The Hayling Ferry, which crosses between Eastney and the island, faced closure for good when Portsmouth City Council threatened to stop subsidising the service.

The council had planned to stop paying the £15,000 it contributes to help keep the single-craft Hayling Ferry company afloat, as part of its attempts to cut £15m from its budget.

But a last-minute intervention by the ferry company’s owner, who is also councillor in the borough of Havant, changed the city council’s mind.

Portsmouth City Council’s leader for transport, Cllr Jason Fazackarley, said: ‘We planned to stop paying the subsidy, because our officers advised us about 80 per cent of its users were Hayling Island residents. We felt Hampshire County Council should pay for the service, if it was Hampshire, rather than Portsmouth, residents who benefit more.’

The ferry makes 21 round trips each weekday day through the winter season, and 41 in the summer.

The same trip by road is more than 14 miles.

And without Portsmouth City Council’s subsidy, as well as almost £20,000 per year paid by Hampshire County Council, it would be unable to operate.

Cllr Fazackarley said: ‘I’m very pleased we’ve been able to save the service. Havant councillor Frida Edwards came in with statistics from the company, and showed us how much it was used and valued, so we found the money.’

Cllr Edwards, whose family has run the ferry company since 1981, and is its owner, said: ‘I went to see the council and I’m pleased they listened. We rely on these subsidies to provide the service.’
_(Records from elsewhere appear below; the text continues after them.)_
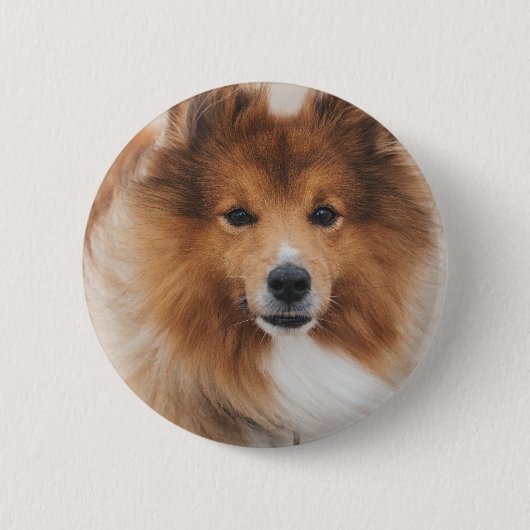 Badge Rond 5 Cm Personalized Pet Dog Lover Photo (Devant)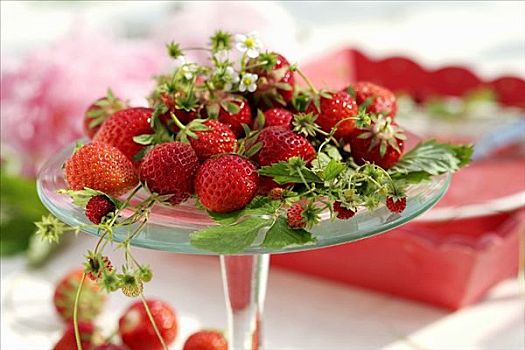新鲜,草莓,野草莓,点心架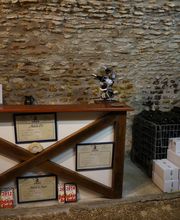 Lejus Arnaud image 4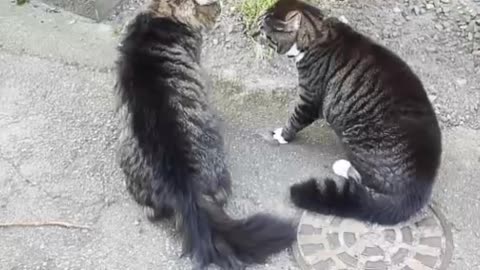 Funny Cats Arguing 🤣🤣 Cats Talking To Each Other Compilation || NEW HD || Sanatansss || D M L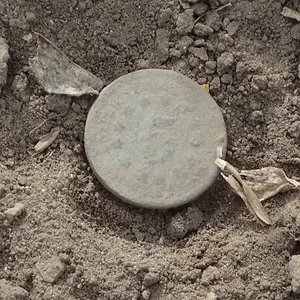 Shield Nickel Sunday 006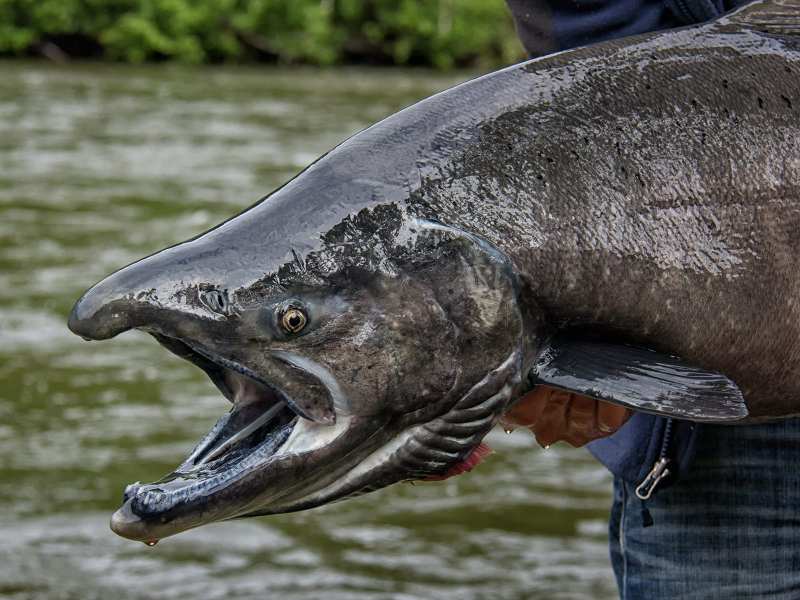 Alaska-king-salmon Alaska king salmon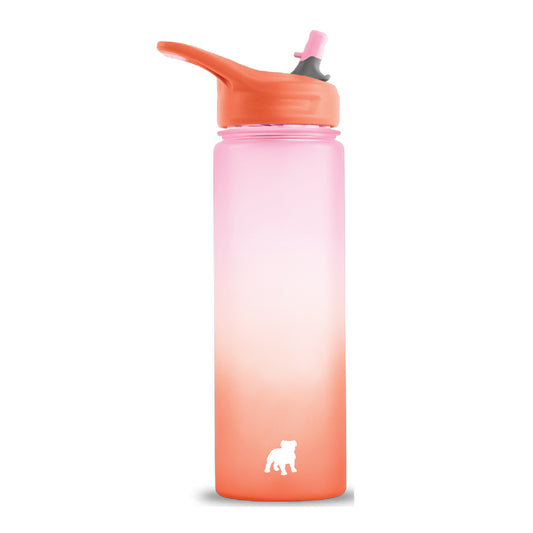 Wave Waterbottle with Flip Straw by Ecovessel (2 colors)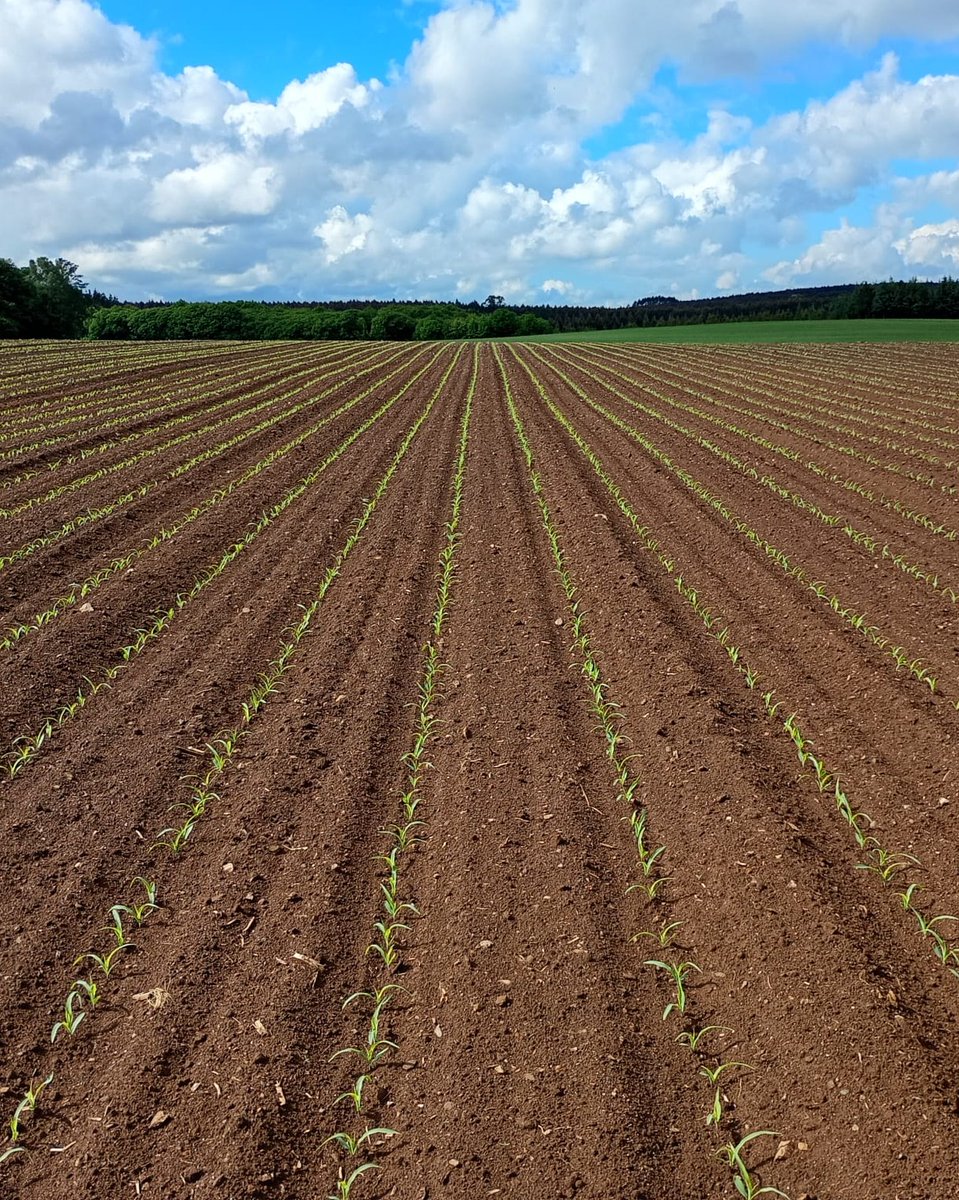 SyngentaES's tweet photo. 🌽 La campaña de maíz ya empieza a verse en Galicia 📍con la nascencia de SY Sandro.

Los primeros días del cultivo son clave y ver una nascencia uniforme en campo es siempre una buena señal para arrancar la campaña con confianza 🚜🌱

Seguiremos muy de cerca la evolución de SY Sandro en las parcelas gallegas https://t.co/rUewc1K0x3
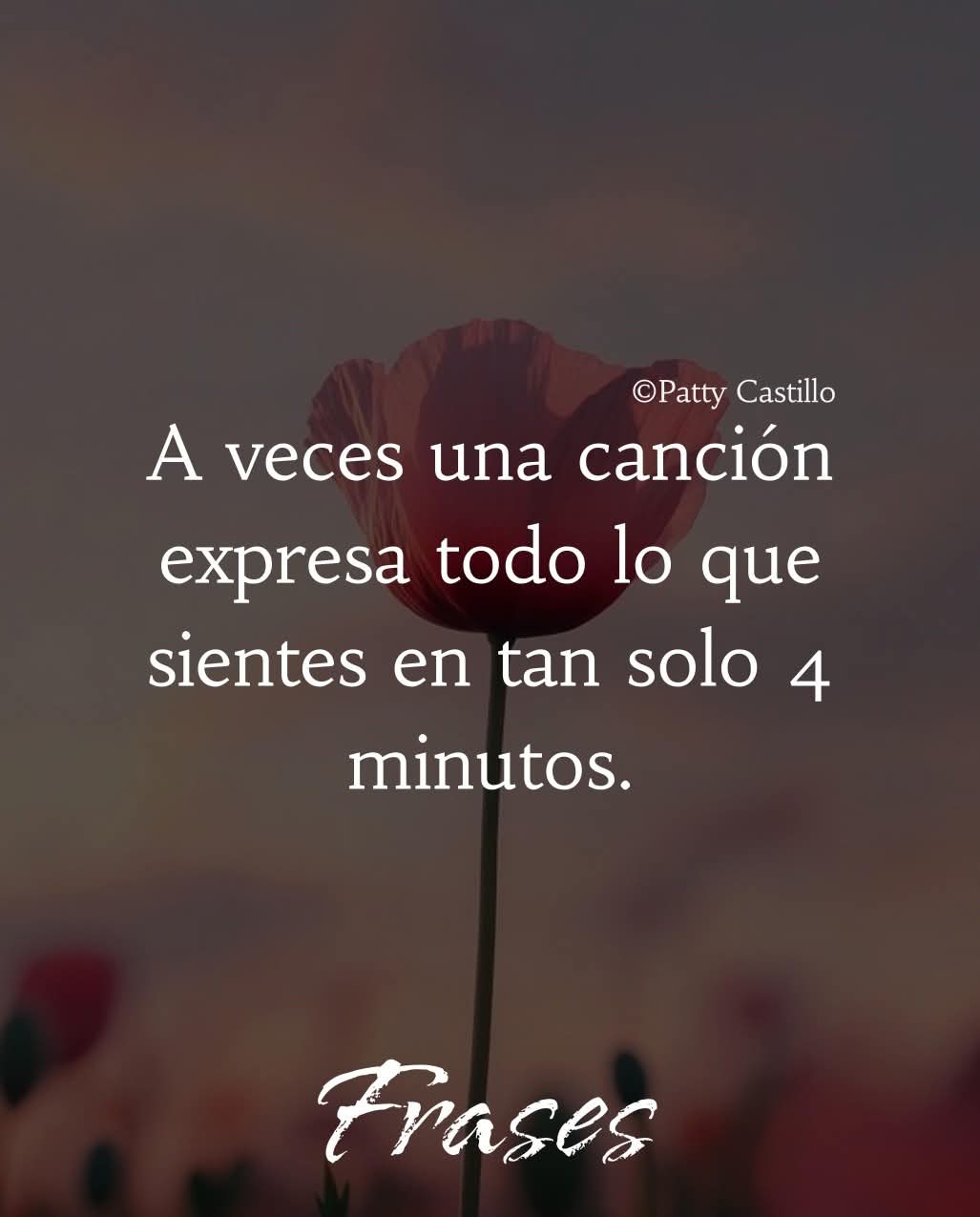 @Claribella 🦋🦋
Hayling Ferry’s operations manager Ian Gall, said: ‘We’d have shut down without the cash.

‘We carry lots of people, schoolchildren who go to Portsmouth schools, people who work in the city, and in the summer lots of tourists, too. We’re delighted to have been saved.’

The cash for the subsidy has come from the council’s companion bus pass scheme, which has had just eight people ask for an application pack, and no completed applications.

The scheme, which allows people with mental disabilities, and blind people, to travel by bus with a companion for free, was stopped last year, but has been restarted.

The council set aside £40,000 for the programme, but Cllr Fazackarley said: ‘We haven’t had any applicants. It’s a bit of a surprise. But we’ve been able to use that money, and we still have a ferry service, and cash left for people who do apply.’